■ GOAL OF THE EXERCISE
Would you please print exactly the lines that run from the one with "Vecchie scalette in cemento" to the last line of the data, both included, without any pictures?

Start of INFORMATION GIVEN

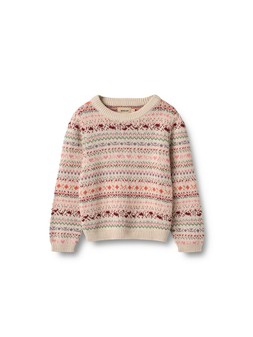 WKMND Very - Wheat Girls Olga Knitted Jumper - Multi £40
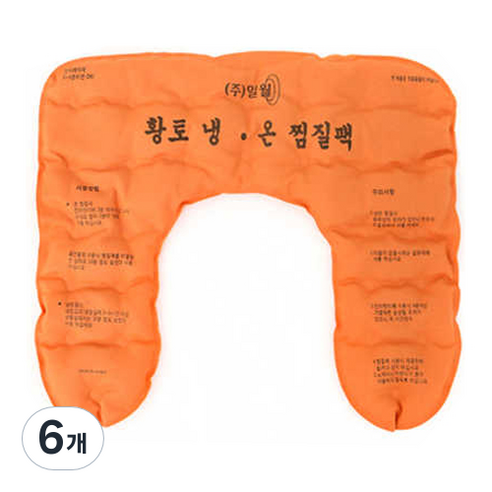 일월 냉온 면 황토 어깨 찜질팩, 6개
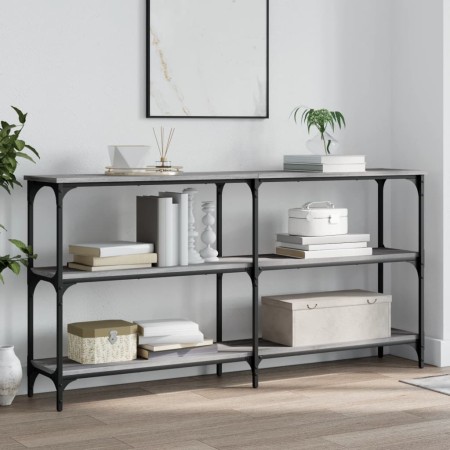 Mesa consola madera de ingeniería gris Sonoma 150x29x75 cm de , Mesas auxiliares - Ref: Foro24-834108, Precio: 83,41 €, Descu...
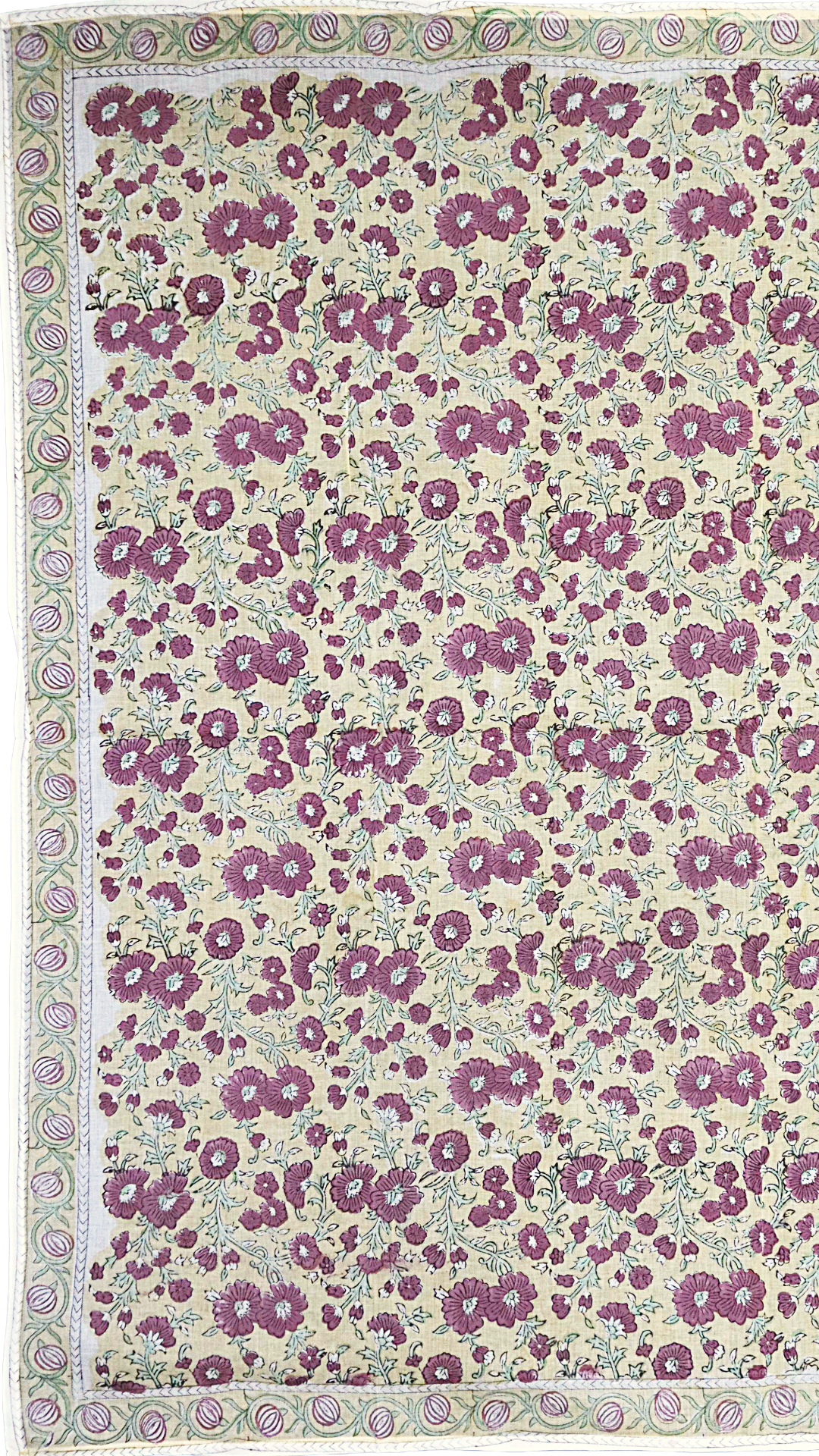 XL1020 — Cotton XL Wrap (44" × 44") - Hand Block Printed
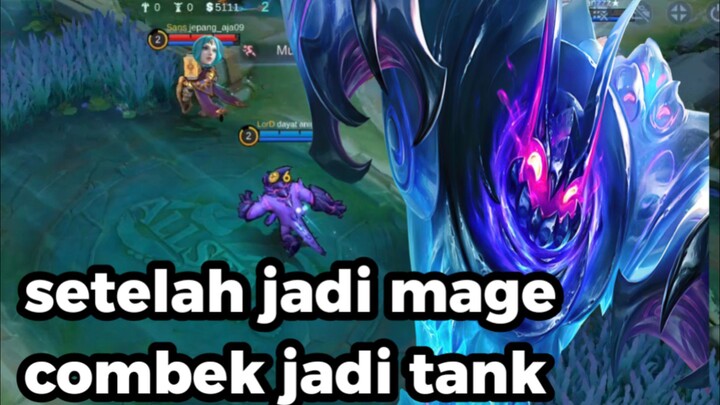 setelah jadi mage combek jadi tank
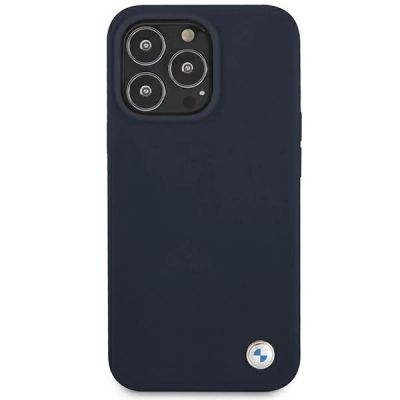 3. Etui BMW Silicone Signature na iPhone 13 / 13 Pro - granatowe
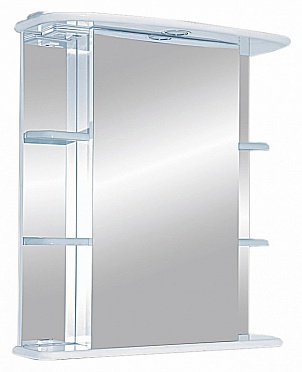 Купить зеркало-шкаф магнолия-55 (свет) прав.,misty в Иваново магазин сантехники Суперстрой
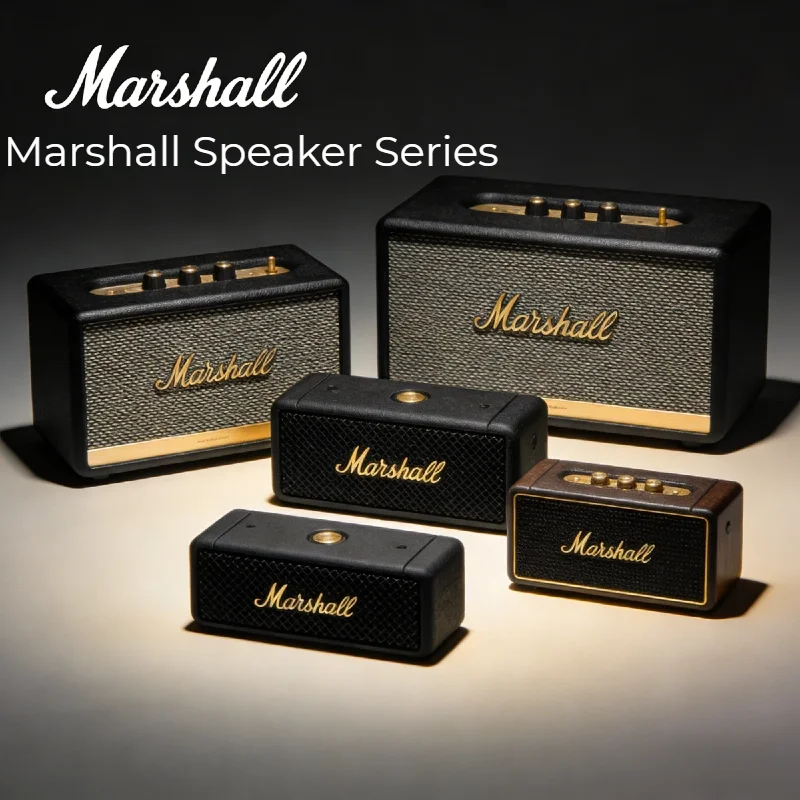 Marshall Emberton III Wireless Portable Bluetooth Speaker Heavy Bass IP67 Waterproof 32H Playtime Outdoor Travel Music Sound Box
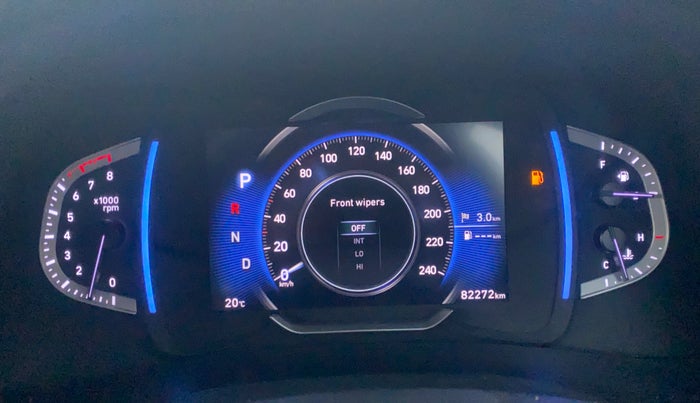 2020 Hyundai Creta SX (O) 1.4 TURBO DCT, Petrol, Automatic, 82,271 km, Odometer Image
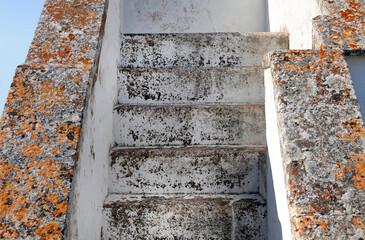 Vecchie scalette in cemento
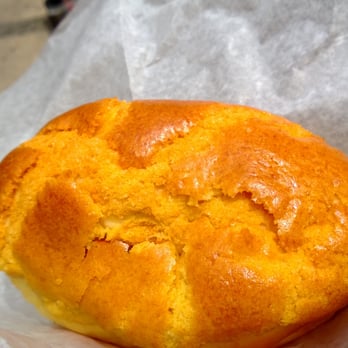 KC's Pastries - Pineapple Bun w/ Coconut Filling ($0.90) - Bakeries Near Me - Philadelphia, Pennsylvania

End of INFORMATION GIVEN

■ PROBLEM SOLUTION
 Vecchie scalette in cemento
 KC's Pastries - Pineapple Bun w/ Coconut Filling ($0.90) - Bakeries Near Me - Philadelphia, Pennsylvania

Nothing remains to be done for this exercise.